As described in more detail below, the trading price of the notes may vary considerably before the Maturity Date due, among other things, to fluctuations in the Reference Rate and to other events that are difficult to predict and beyond our control. The notes are a riskier investment than ordinary debt securities. Also, the notes are not equivalent to investing in notes that pay interest at a rate equal to the Reference Rate. You should carefully consider the following risks before investing in the notes.
 
The return on the notes may be less than that of other debt securities of comparable maturity or less than interest rates available in the market
 
Prospective investors should consider an investment in the notes if they believe that the Reference Rate will remain within the Corridor Range for the relevant Interest Period. Should the Reference Rate increase or decrease outside the Corridor Range for the relevant Interest Period, you may earn less than the return you could have received on other debt securities of comparable maturity.

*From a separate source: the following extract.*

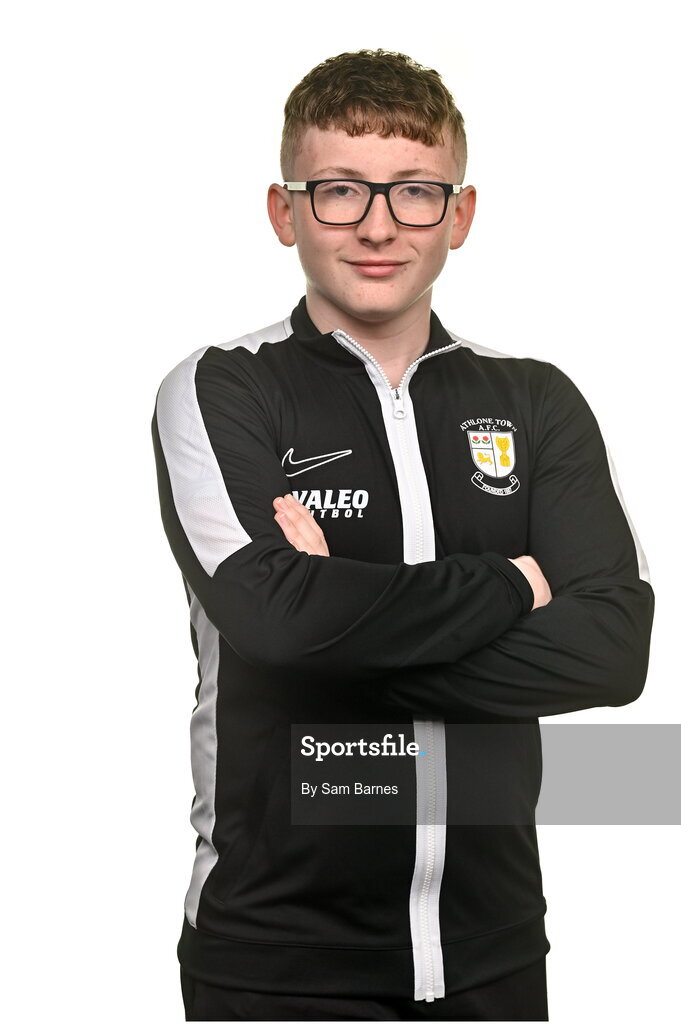 14 February 2024; Athlone Town Social Media Manager Alex Bolger poses for a portrait during a Athlone Town FC squad portraits session at Athlone Town Stadium in Athlone, Westmeath. Photo by Sam Barnes/Sportsfile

The yield to the Maturity Date may not fully compensate holders for any opportunity cost taking into account inflation and other factors relating to the time value of money.
 
Assuming no changes in market conditions or any other relevant factors, the value of your notes on the Issue Date (as determined by reference to pricing models used by Nomura Securities International, Inc.) may be less than the original issue price.
 
The value or quoted price of your notes at any time, however, will reflect many factors and cannot be predicted. If the Underwriter makes a market in the notes, the price quoted by the Underwriter would reflect any changes in market conditions and other relevant factors, and the quoted price could be lower or higher than the original issue price, and may be lower than the value of your notes as determined by reference to pricing models used by Nomura Securities International, Inc.
 
If at any time a third party dealer quotes a price to purchase your notes or otherwise values your notes, that price may be significantly different (higher or lower) than any price quoted by the Underwriter. Furthermore, if you are able to sell your notes, you will likely be charged a commission for secondary market transactions, or the price you realize will likely reflect a dealer discount.
 
There is no assurance that the agent or any other party will be willing to purchase your notes and, in this regard, the Underwriter is not obligated to make a market in the notes.
 
The notes are subject to optional redemption
 
The notes are subject to our option to redeem the notes, which could occur as early as July 25, 2009 and on each Interest Payment Date thereafter. If we exercise our option to redeem the notes, the holder bears the risk of reinvestment, which may be at rates of return less than the holder would have received had we not exercised our option to redeem the notes.
 
The market price of your notes may be influenced by many unpredictable factors.
 
The following factors, nearly all of which are beyond our control, will influence the market value of your notes:
 
  •  interest and yield rates, including the level and volatility of the Reference Rate,
 
  •  economic, financial, regulatory, political, military and other events that affect interest rates generally and the Reference Rate in particular,
 
  •  events in the equity market, bond market and foreign exchange market,
 
  •  the time remaining until your notes mature, and
 
  •  our creditworthiness.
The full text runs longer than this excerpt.